Mengapa penjajah sangat bernafsu menguasai Nusantara, tak lain karena sumber alamnya; di antaranya buah pala. Seperti yang dinarasikan dalam film Banda, The Forgotten Trail. Tanaman dengan nama latin Myristica fragrans Hout ini banyak terdapat di Kepulauan Banda, Maluku. Nilai ekonomis yang tinggi sebagai rempah-rempah, membuat buah dan biji pala menjadi komoditi perdagangan yang penting sejak zaman Romawi.
Pohon pala bisa mencapai tinggi 15-20 meter.
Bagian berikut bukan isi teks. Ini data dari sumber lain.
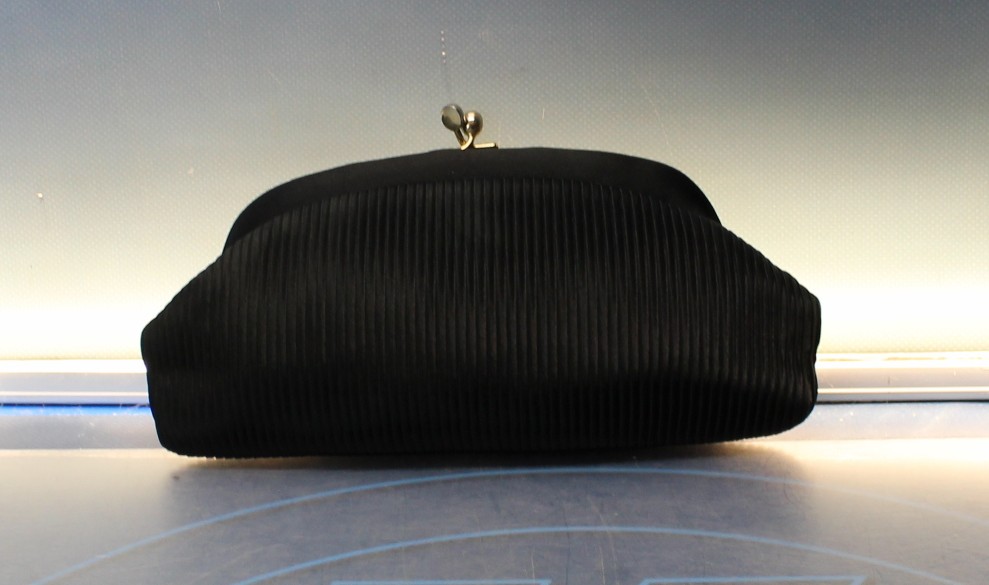 Bolso de mano fiesta vintage. Tela negra con cierre dorado.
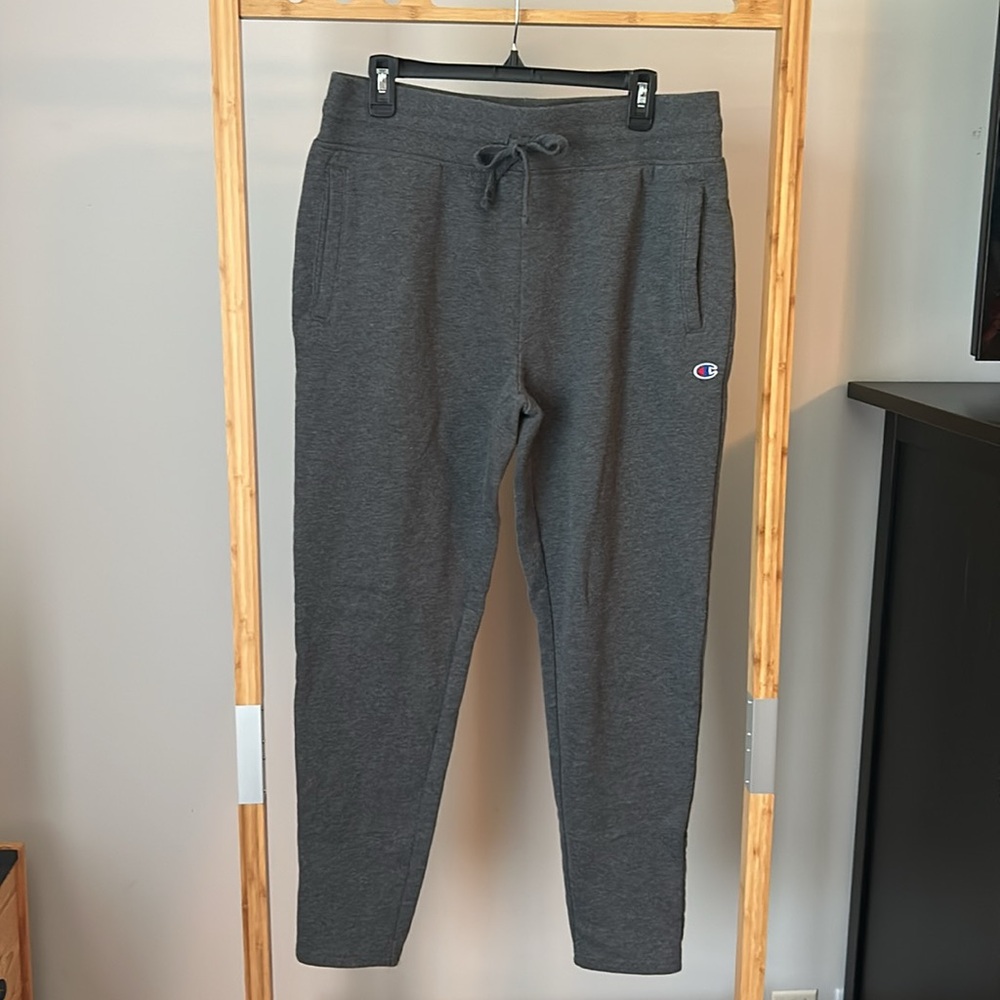 Men’s Champion Size L Sweatpants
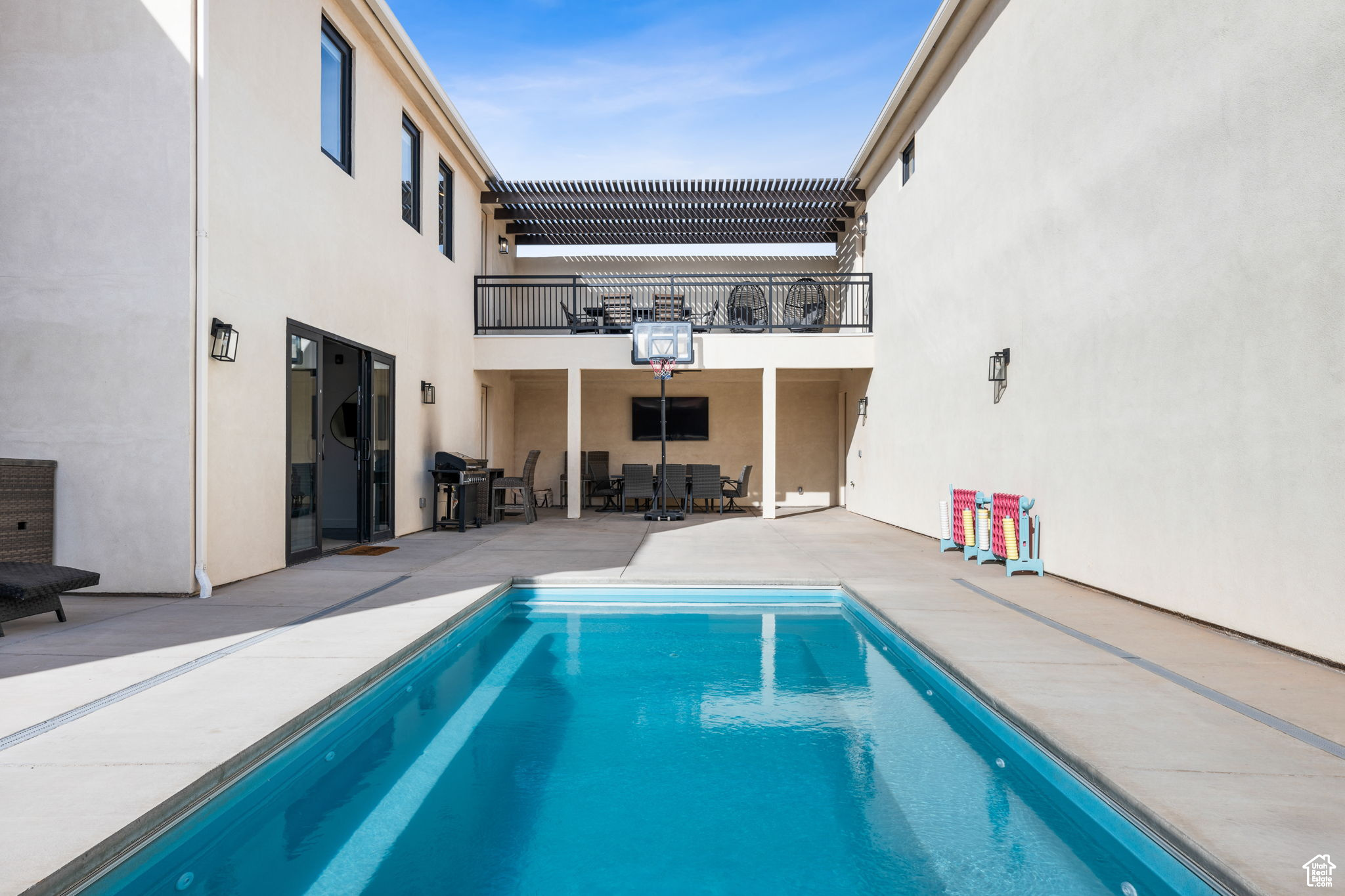 main property photo 39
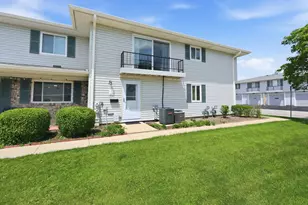 220 Sagamore Ct, Schaumburg, IL 60194 - Photo 1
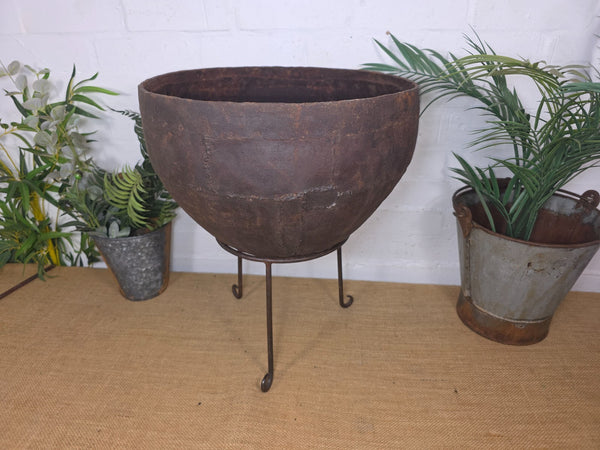 Large Heavy Duty Riveted Iron Indian Kadai Fire Pit Garden Planter Drinks Cooler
Jika musim berbuah, pohon ini akan dipenuhi bunga di setiap ujung ranting dan kelak menjadi buah bergerombol berwarna hijau kekuningan. Daging buahnya tebal berwarna keputihan, berasa getir dan mengandung banyak getah. Selain daging buah ada fuli, berupa selaput tipis berwarna merah yang menyelimuti biji pala.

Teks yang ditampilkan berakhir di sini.